# rower or exercise bike?



## hj11jason (Jun 20, 2011)

I have to choose between a rower or a exercise bike but before taking the decision I want to know from  which I would get more results in term of losing fat . which would be your choice?


----------



## legalracing (Jun 21, 2011)

hj11jason said:


> I have to choose between a rower or a exercise bike but before taking the decision I want to know from  which I would get more results in term of losing fat . which would be your choice?




I can do 40 mins an a bike at high resistance ...but a rower I swear that kills me in a few minutes. honestly, a rower may be too intense for you but  is  your choice. even I'm curious what other guys will say


----------



## morris (Jun 22, 2011)

I'd do for the rowing machine as it works both upper and lower body.
 I find that rowing machines are hard to beat in terms of time spent losing weight


----------



## Big Danny (Jun 23, 2011)

Best will be alternating them. This way you won't get bored and give a chance to some muscles to rest.


----------



## MPMC (Jun 24, 2011)

Neither, go with the eliptical.


----------



## hj11jason (Jun 24, 2011)

Big Danny said:


> Best will be alternating them. This way you won't get bored and give a chance to some muscles to rest.

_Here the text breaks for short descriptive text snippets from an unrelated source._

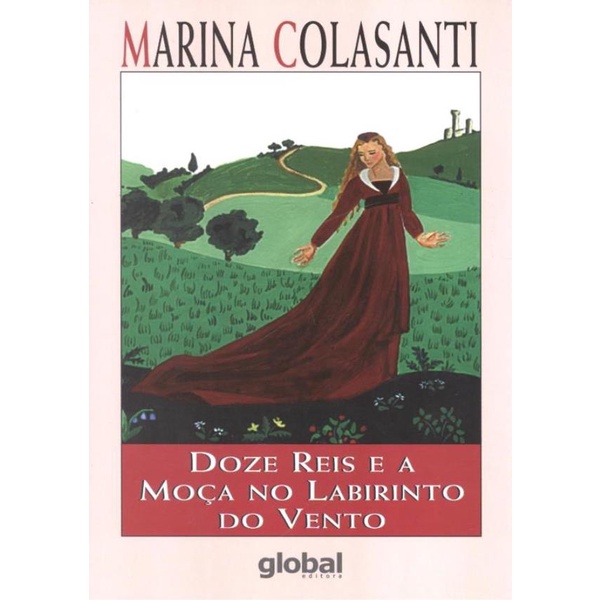 Livro - Doze Reis E A Moca No Labirinto Do Vento - 12ª Ed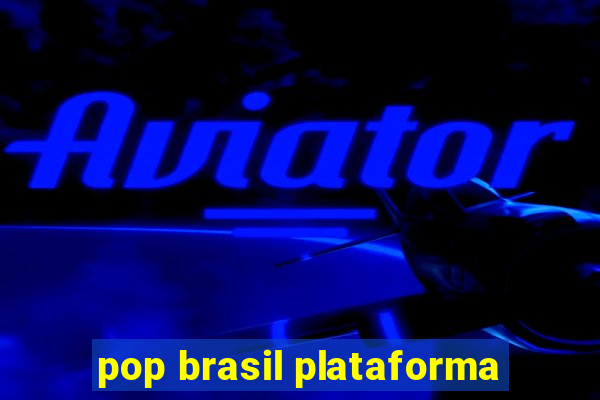 pop brasil plataforma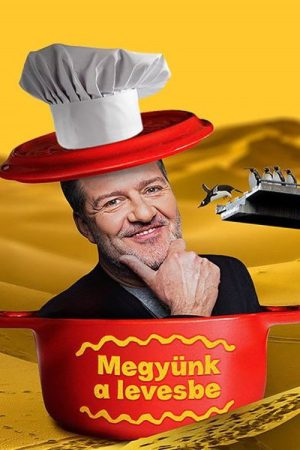 Hadházi László: Megyünk a levesbe (2018) poster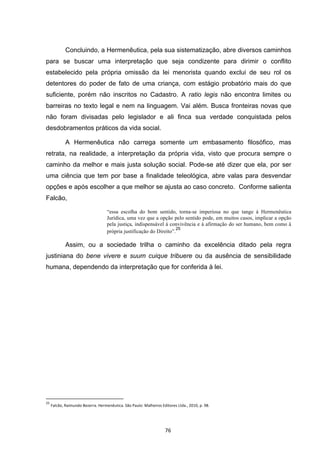   76	
  
Concluindo, a Hermenêutica, pela sua sistematização, abre diversos caminhos
para se buscar uma interpretação que seja condizente para dirimir o conflito
estabelecido pela própria omissão da lei menorista quando exclui de seu rol os
detentores do poder de fato de uma criança, com estágio probatório mais do que
suficiente, porém não inscritos no Cadastro. A ratio legis não encontra limites ou
barreiras no texto legal e nem na linguagem. Vai além. Busca fronteiras novas que
não foram divisadas pelo legislador e ali finca sua verdade conquistada pelos
desdobramentos práticos da vida social.
A Hermenêutica não carrega somente um embasamento filosófico, mas
retrata, na realidade, a interpretação da própria vida, visto que procura sempre o
caminho da melhor e mais justa solução social. Pode-se até dizer que ela, por ser
uma ciência que tem por base a finalidade teleológica, abre valas para desvendar
opções e após escolher a que melhor se ajusta ao caso concreto. Conforme salienta
Falcão,
“essa escolha do bom sentido, torna-se imperiosa no que tange à Hermenêutica
Jurídica, uma vez que a opção pelo sentido pode, em muitos casos, implicar a opção
pela justiça, indispensável à convivência e à afirmação do ser humano, bem como à
própria justificação do Direito”.
25
Assim, ou a sociedade trilha o caminho da excelência ditado pela regra
justiniana do bene vivere e suum cuique tribuere ou da ausência de sensibilidade
humana, dependendo da interpretação que for conferida à lei.
	
  	
  	
  	
  	
  	
  	
  	
  	
  	
  	
  	
  	
  	
  	
  	
  	
  	
  	
  	
  	
  	
  	
  	
  	
  	
  	
  	
  	
  	
  	
  	
  	
  	
  	
  	
  	
  	
  	
  	
  	
  	
  	
  	
  	
  	
  	
  	
  	
  	
  	
  	
  	
  	
  	
  	
  	
  	
  	
  	
  	
  
25
	
  Falcão,	
  Raimundo	
  Bezerra.	
  Hermenêutica.	
  São	
  Paulo:	
  Malheiros	
  Editores	
  Ltda.,	
  2010,	
  p.	
  98.	
  
 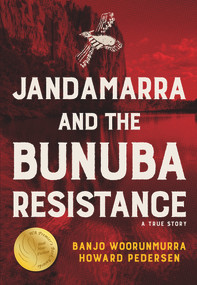 Janadamarra and the Bunuba Resistance: A True Story by Howard Pedersen, Banjo Woorunmurra, 9781925360097
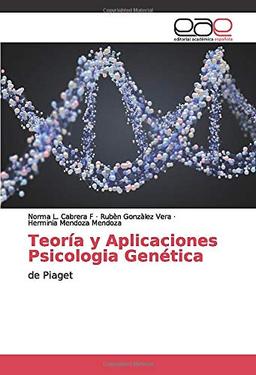 Teoría y Aplicaciones Psicologia Genética: de Piaget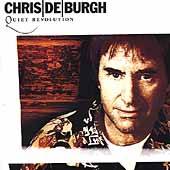 Quiet Revolution by Chris De Burgh CD, Mar 2001, ARK 21 USA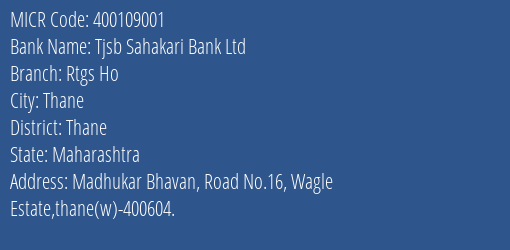 Tjsb Sahakari Bank Ltd Rtgs Ho MICR Code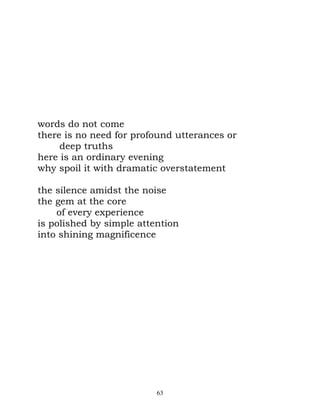 words do not come
there is no need for profound utterances or
     deep truths
here is an ordinary evening
why spoil it with dramatic overstatement

the silence amidst the noise
the gem at the core
    of every experience
is polished by simple attention
into shining magnificence




                          63
 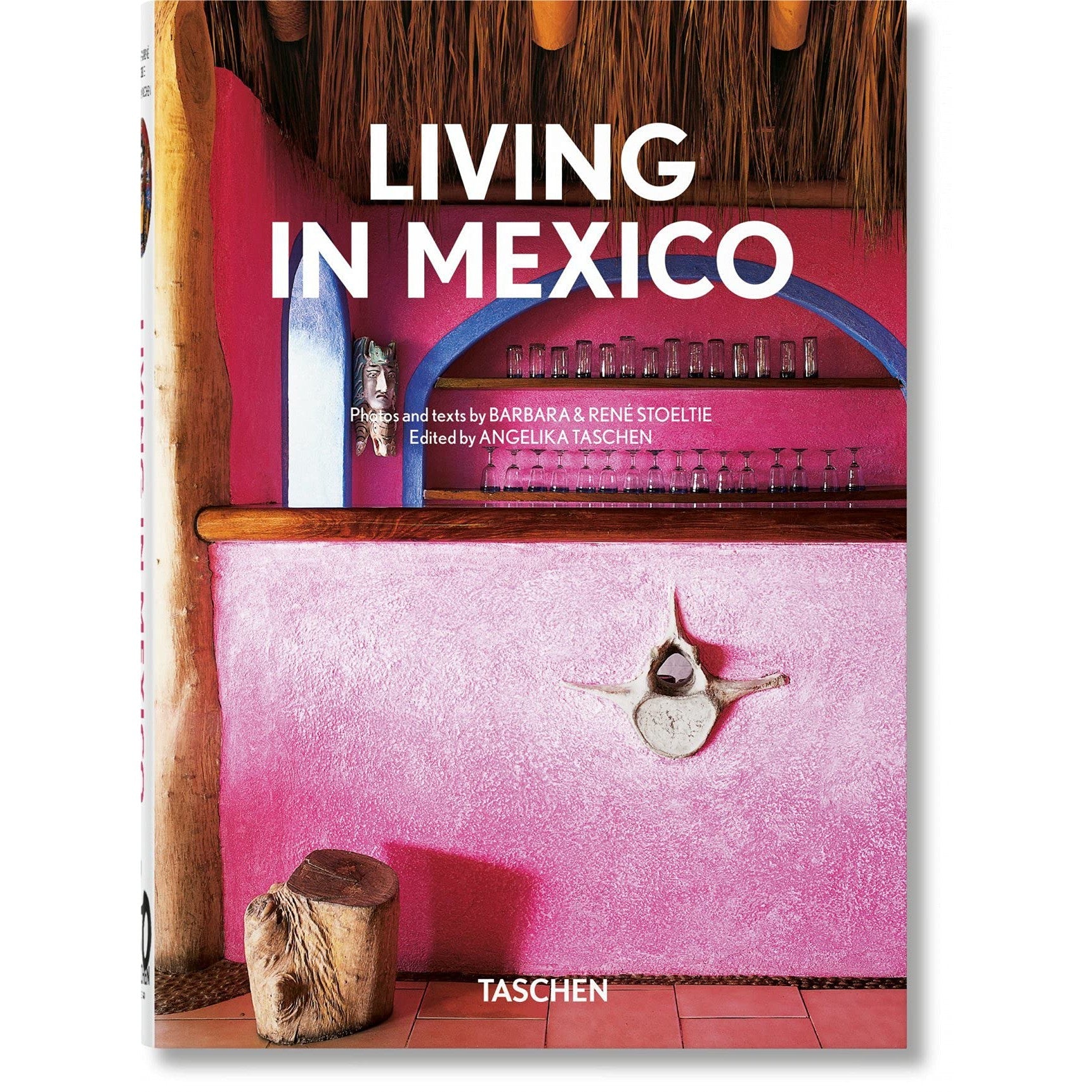 Living in Mexico (40th Anniversary Edition)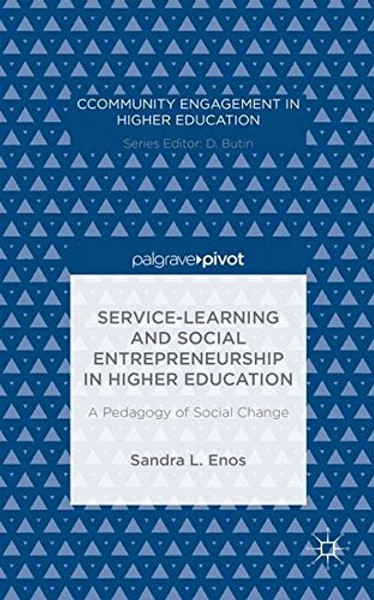 Service-Learning and Social Entrepreneurship in Higher Education: A Pedagogy of Social Change (Community Engagement in Higher Education)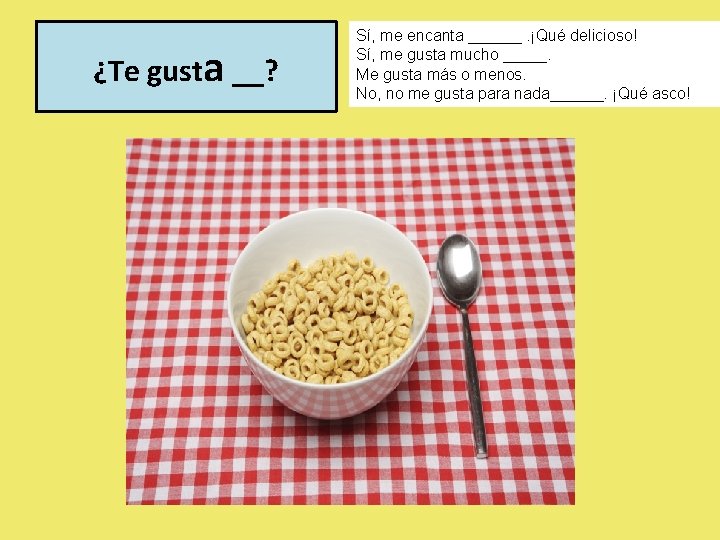 ¿Te gusta __? Sí, me encanta ______. ¡Qué delicioso! Sí, me gusta mucho _____.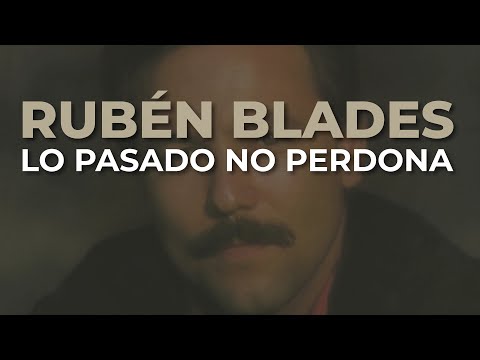 Rubén Blades - Lo Pasado No Perdona (Audio Oficial)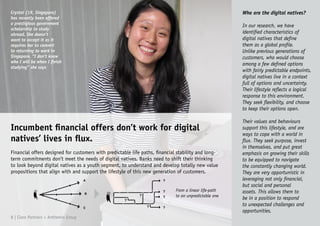 Who are the digital natives?
In our research, we have
identified characteristics of
digital natives that define
them as a global profile.
Unlike previous generations of
customers, who would choose
among a few defined options
with fairly predictable endpoints,
digital natives live in a context
full of options and uncertainty.
Their lifestyle reflects a logical
response to this environment.
They seek flexibility, and choose
to keep their options open.
Their values and behaviours
support this lifestyle, and are
ways to cope with a world in
flux. They seek purpose, invest
in themselves, and put great
emphasis on growing their skills
to be equipped to navigate
the constantly changing world.
They are very opportunistic in
leveraging not only financial,
but social and personal
assets. This allows them to
be in a position to respond
to unexpected challenges and
opportunities.
Crystal (19, Singapore)
has recently been offered
a prestigious government
scholarship to study
abroad. She doesn’t
want to accept it as it
requires her to commit
to returning to work in
Singapore. “I don’t know
who I will be when I finish
studying” she says
Incumbent financial offers don’t work for digital
natives’ lives in flux.
Financial offers designed for customers with predictable life paths, financial stability and long-
term commitments don’t meet the needs of digital natives. Banks need to shift their thinking
to look beyond digital natives as a youth segment, to understand and develop totally new value
propositions that align with and support the lifestyle of this new generation of customers.
8 | Claro Partners + Anthemis Group
From a linear life-path
to an unpredictable one
 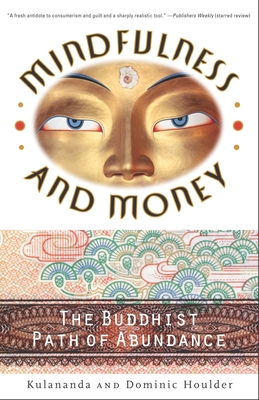 Mindfulness and Money: The Buddhist Path of Abundance - Houlder, Dominic J, and Houlder, Kulananda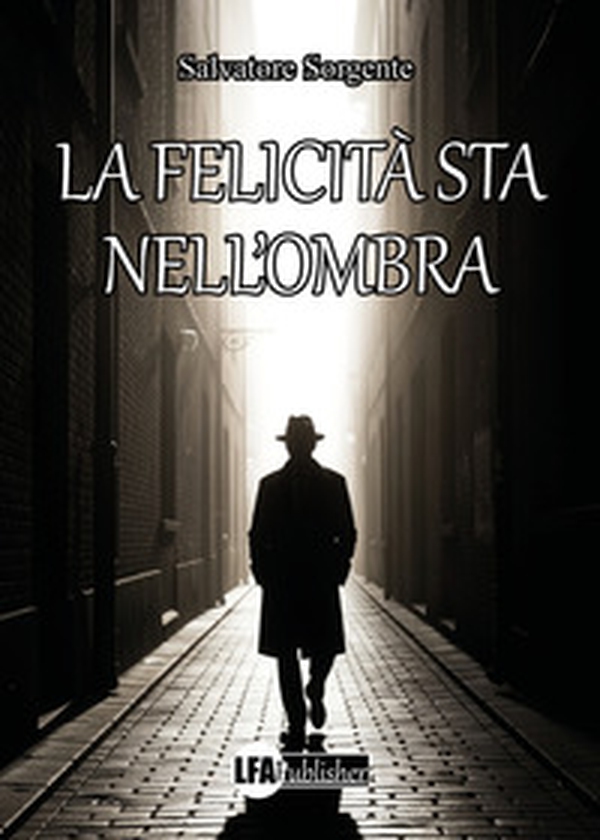 La felicità sta nell'ombra - Librerie.coop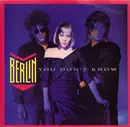 7inch Vinyl Single - Berlin - You Don't Know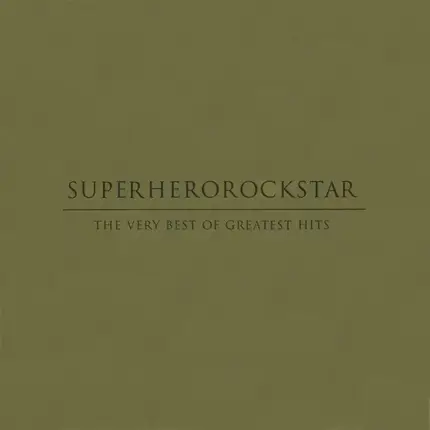 Superherorockstar - The Very Best Of Greatest Hits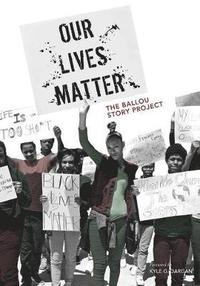 bokomslag Our Lives Matter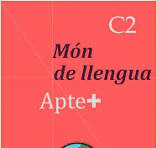 APTE + MON DE LLENGUA C2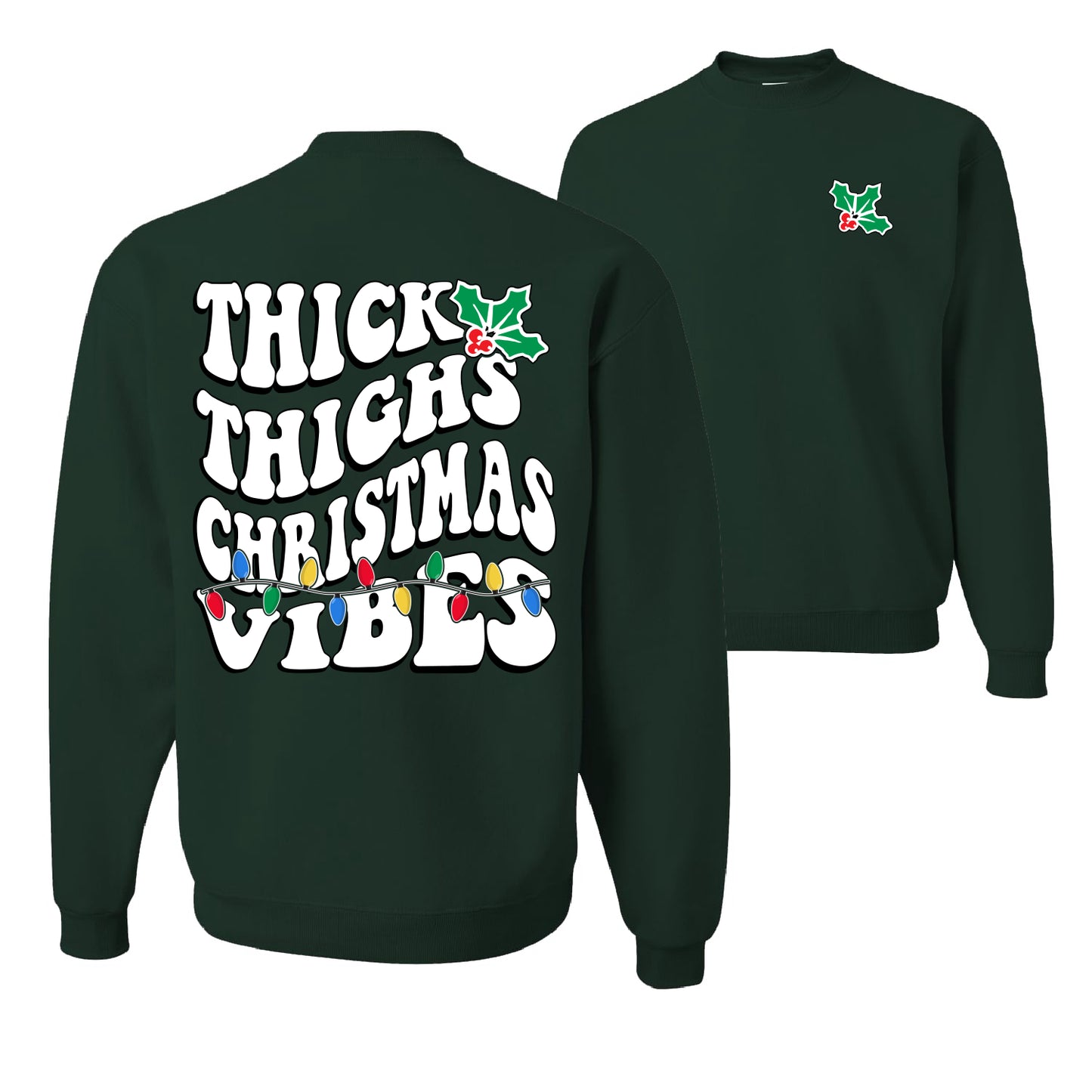 Thick Thighs Christmas Vibes Ugly Christmas Sweater Unisex Crewneck Graphic Sweatshirt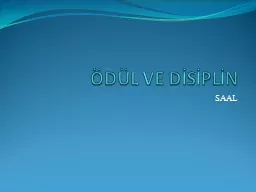 ÖDÜL VE DİSİPLİN  SAAL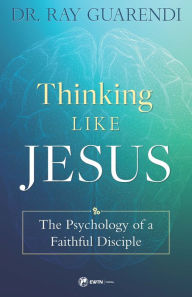 Title: Thinking Like Jesus, Author: Dr. Ray Guarendi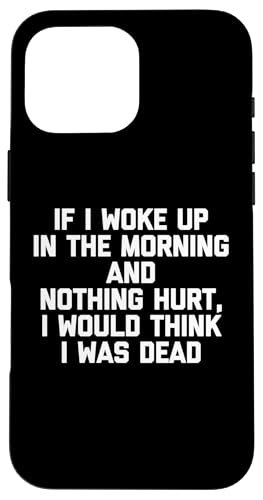If I Woke Up & Nothing Hurt, I Would Think I Was Dead - Lustig Hülle für iPhone 16 Pro Max If I Woke Up & Nothing Hurt, I Would Think I Was Dead - Lustig Hülle für iPhone 16 Pro Max von Funny Shirt With Saying & Funny T-Shirts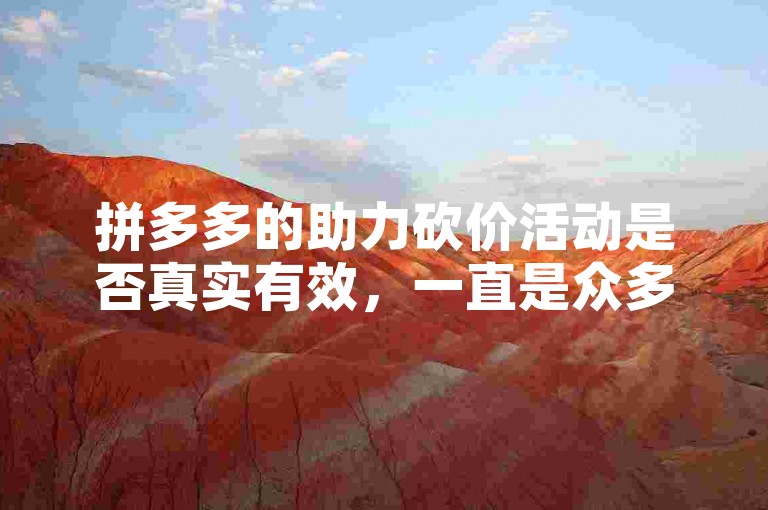 拼多多的助力砍价活动是否真实有效，一直是众多用户心中的疑问。
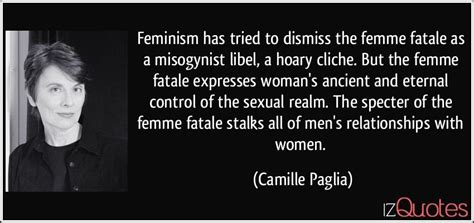 He has the true 1960s spirit. Feminism has tried to dismiss the femme fatale as a misogynist libel, a hoary cliche. But the ...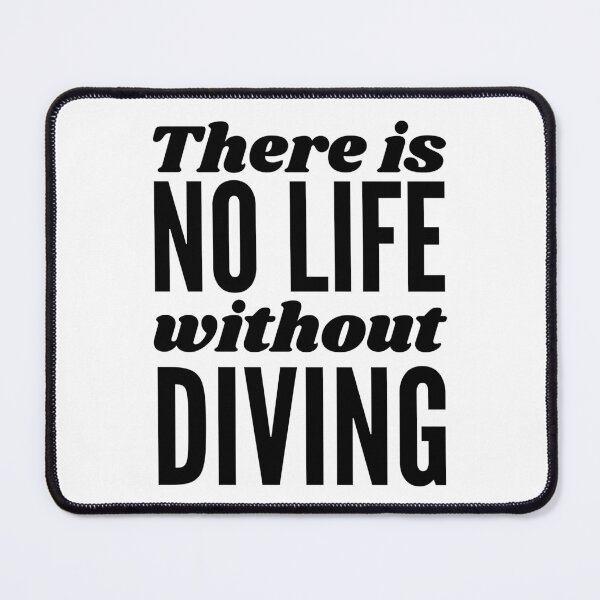 Item preview, There is no life without diving designed and sold by TheGreenGoat.
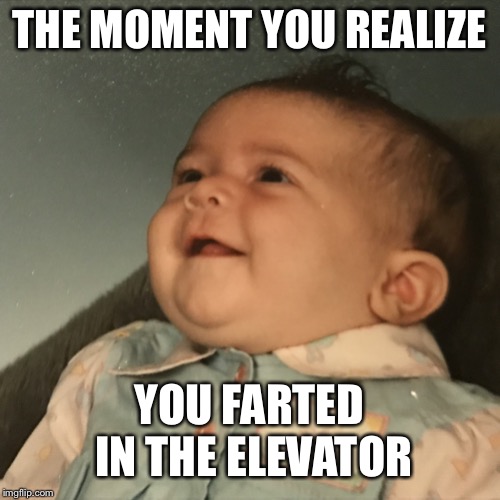 The moment you realize | THE MOMENT YOU REALIZE; YOU FARTED IN THE ELEVATOR | image tagged in the moment you realize | made w/ Imgflip meme maker
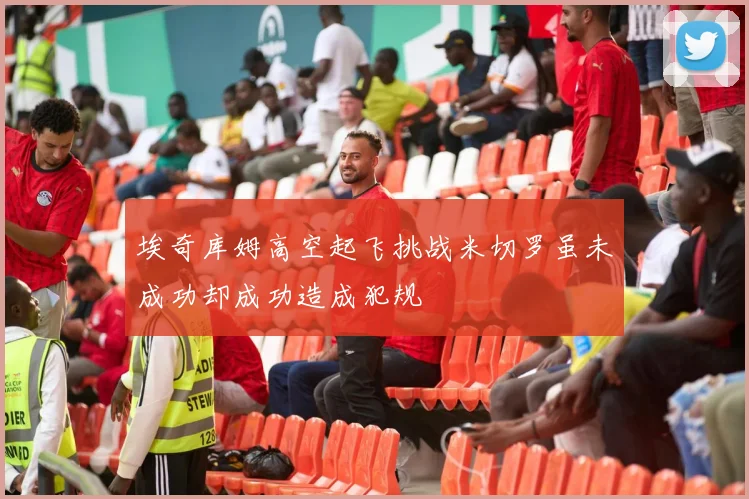 埃奇库姆高空起飞挑战米切罗虽未成功却成功造成犯规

I thought about that  but I want to buy and I have to choose one of them . anyway thanks


----------



## getbigger11 (Jun 27, 2011)

rower and spend good money if you buy a bike buy a real one the auto bike sucks in my opinion cause its really just legs unless you spin


----------



## Harbour (Jul 11, 2011)

Hi hj11jason,
Both have their own importance but if I have to choose between rower and exercise bike I will select rower.
Great exercise to lose fat and effective in increasing your stamina.


----------